AUTHOR=Jobarteh Bubacarr , Mincu-Iorga Madalina , Gavojdian Dinu , Neethirajan Suresh 

TITLE=Integrating multi-modal data fusion approaches for analysis of dairy cattle vocalizations

JOURNAL=Frontiers in Veterinary Science

VOLUME=Volume 12 - 2025

YEAR=2025

URL=https://www.frontiersin.org/journals/veterinary-science/articles/10.3389/fvets.2025.1704031

DOI=10.3389/fvets.2025.1704031

ISSN=2297-1769

ABSTRACT=Non-invasive analysis of dairy cattle vocalizations offers a practical route to continuous assessment of stress and timely health interventions in precision livestock systems. We present a multi-modal AI framework that fuses standard acoustic features (e.g., frequency, duration, amplitude) with non-linguistic, transformer-based representations of call structure for behavior classification.

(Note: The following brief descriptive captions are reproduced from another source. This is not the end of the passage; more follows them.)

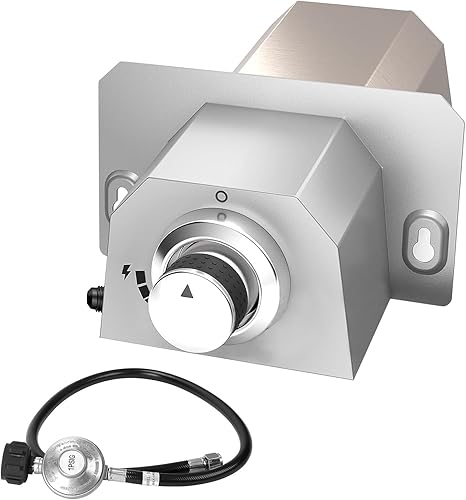 Miniatura 1 de Grimate Quemador de gas para Ooni Karu 12 - Horno de pizza, repuesto para Fyra 12 con convertidor de gas, piezas de fijación para accesorios de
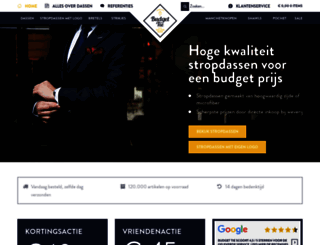 budget-tie.nl screenshot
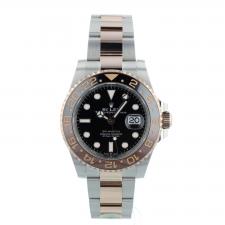 Gents Rolex GMT Master II 126711CHNR 18ct Rose Gold Stainless Steel case with Black dial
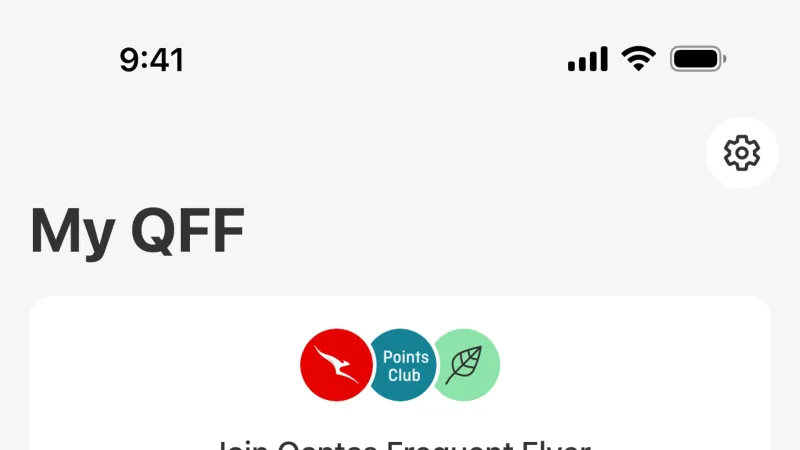 Welcome & Get Started — Qantas Airways, Travel UI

The classification analysis represents the core contribution of this work, while the integration of the Whisper model serves as a complementary exploratory tool, highlighting its potential for future motif-based behavioral studies. Using contact calls recorded from a cohort of lactating Romanian Holsteins during a standardized, brief social-isolation paradigm, we developed an ontology distinguishing high-frequency calls (HFCs) associated with arousal from low-frequency calls (LFCs) associated with calmer states. Across cross-validated models, support vector machine and random-forest classifiers reliably separated call types, and fused acoustic + symbolic features consistently outperformed single-modality inputs. Feature-importance analyses highlighted frequency, loudness, and duration as dominant, interpretable predictors, aligning vocal patterns with established markers of arousal. From a clinical perspective, the system is designed to operate passively on barn audio to flag rising stress signatures in real time, enabling targeted checks, husbandry adjustments, and prioritization for veterinary examination. Integrated with existing sensor networks (e.g., milking robots, environmental monitors), these alerts can function as an early-warning layer that complements conventional surveillance for conditions where vocal changes may accompany pain, respiratory compromise, or maladaptive stress. While the present work validates behaviorally anchored discrimination, ongoing efforts will pair vocal alerts with physiological measures (e.g., cortisol, infrared thermography) and multi-site datasets to strengthen disease-specific inference and generalizability. This framework supports scalable, on-farm welfare surveillance and earlier intervention in emerging health and stress events.